Begründung RegE zu § 117 Abs. 6 SGB IX n.F., S. 137: Mit der Regelung wird funktionell sichergestellt, dass bis zur schrittweisen Zusammenführung der Zuständigkeiten [...] im Jahr 2028 bzw. der Einführung der [...] „Verfahrenslotsen“ beim Jugendamt im Jahr2024 die spezifischen Bedarfe von Kindern und Jugendlichen, die sich in vielfältiger Hinsicht grundsätzlich von den Bedarfen Erwachsener unterscheiden, im Hinblick auf die Leistungsgewährung der Eingliederungshilfe [...] zum Tragen kommen. Dabei geht es insbesondere um die Berücksichtigung der Spezifika der Lebensphase „Kindheit und Jugend“, in der die Förderung der Persönlichkeitsentwicklung und die Erziehung für die Teilhabe am Leben in der Gesellschaft von zentraler Bedeutung sind und insbesondere auch das Beziehungsgefüge der Familie insgesamt, vor allem zwischen dem Kind [...] und seinen Eltern, als System besondere Beachtung finden muss. Die Beteiligung des Jugendamts im Gesamtplanverfahren kann auch der Abstimmung und gemeinsamen Klärung bei einer im Einzelfall schwierigen Abgrenzung zwischen erzieherischen und behinderungsbedingten Bedarfen dienen. Die beratende Mitwirkung [...] bezieht sich nicht auf das Jugendamt in seiner Funktion als Rehabilitationsträger. Es hat vielmehr seine Expertise in Wahrnehmung seines [§ 1 SGB VIII-] Auftrags [...] in die Gesamtplanung einzubringen, um zur Bedarfsgerechtigkeit der nach dem SGB IX dem betreffenden Kind [...] zu gewährenden Leistungen der Eingliederungshilfe beizutragen.

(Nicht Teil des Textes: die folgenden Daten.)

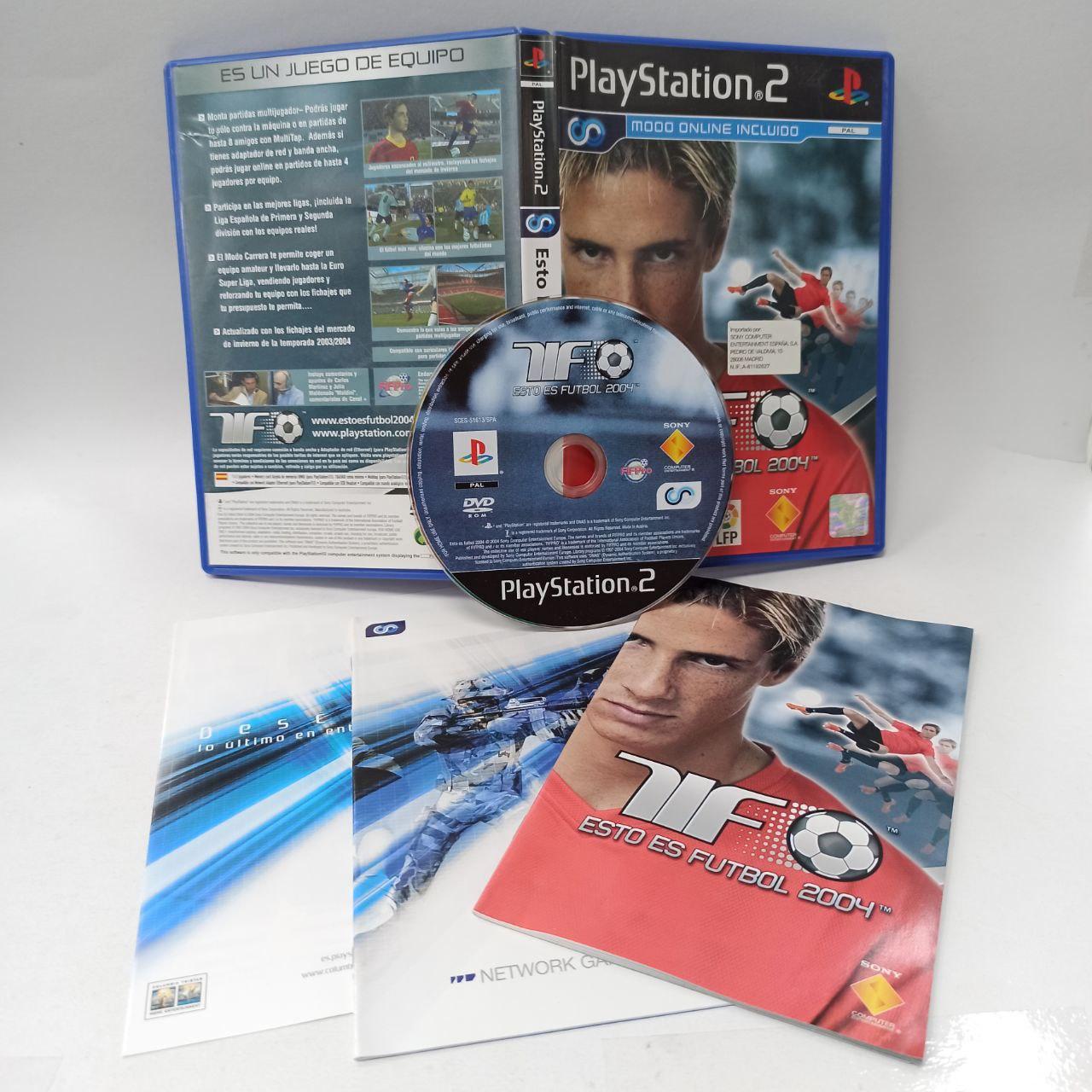 ESTO ES FUTBOL 2004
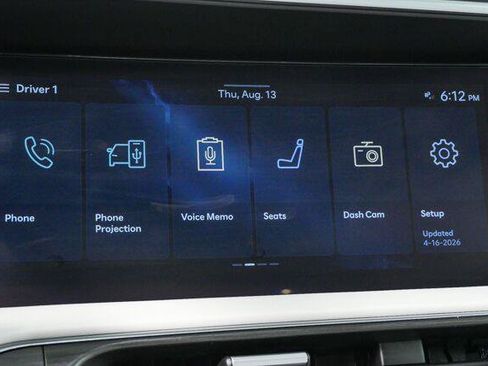 Certified 2026 Hyundai Palisade Calligraphy FWD image 15
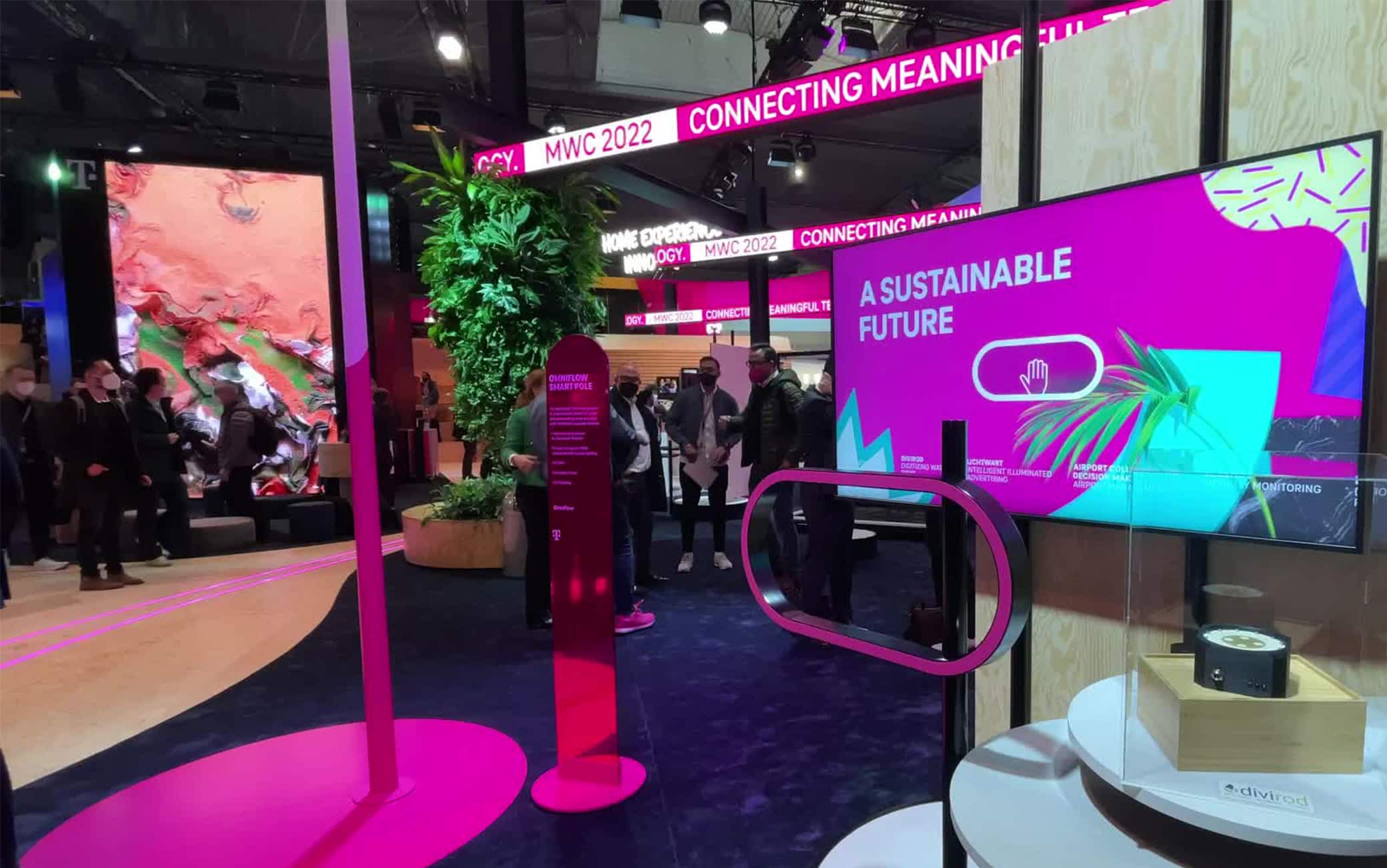 La sostenibilità è stata la parola chiave di moltissime tra le aziende e startup presenti alla fiera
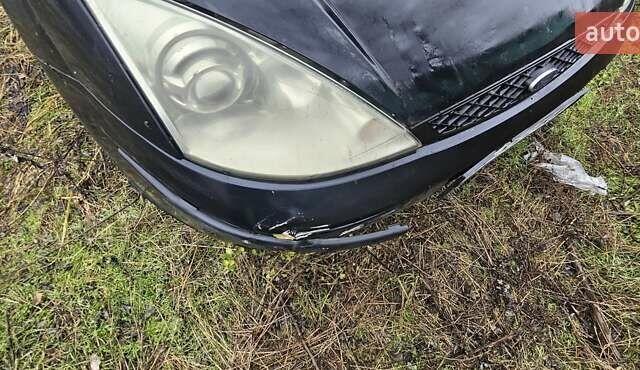 Чорний Форд Фокус, об'ємом двигуна 1.6 л та пробігом 300 тис. км за 1800 $, фото 7 на Automoto.ua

Zusammenfassend ergibt sich also die Aufgabe einer regelhaften Teilnahme des Jugendamts am Gesamtplanverfahren unter folgenden Bedingungen (vgl. hierzu den Vortrag von Schönecker, Lydia (2021), Folie 5 zur 9. Plattform für öffentlichen Erfahrungsaustausch des Dialogforums, unter: https://jugendhilfe-inklusiv.de/sites/default/files/difu_gesamtplanung_1...):
(§10a Abs. 3 SGB VIII-E, §117 Abs. 6, §119 Abs. 1 SGB IX-E)
- mit Zustimmung der Personensorgeberechtigten informiert der Träger der Eingliederungshilfe das Jugendamt
- beratende Teilnahme des Jugendamts, soweit dies zur Feststellung der Eingliederungshilfeleistungen erforderlich ist
- Vorschlagsrecht des JAmts für Gesamtplankonferenz (§119 Abs. 1)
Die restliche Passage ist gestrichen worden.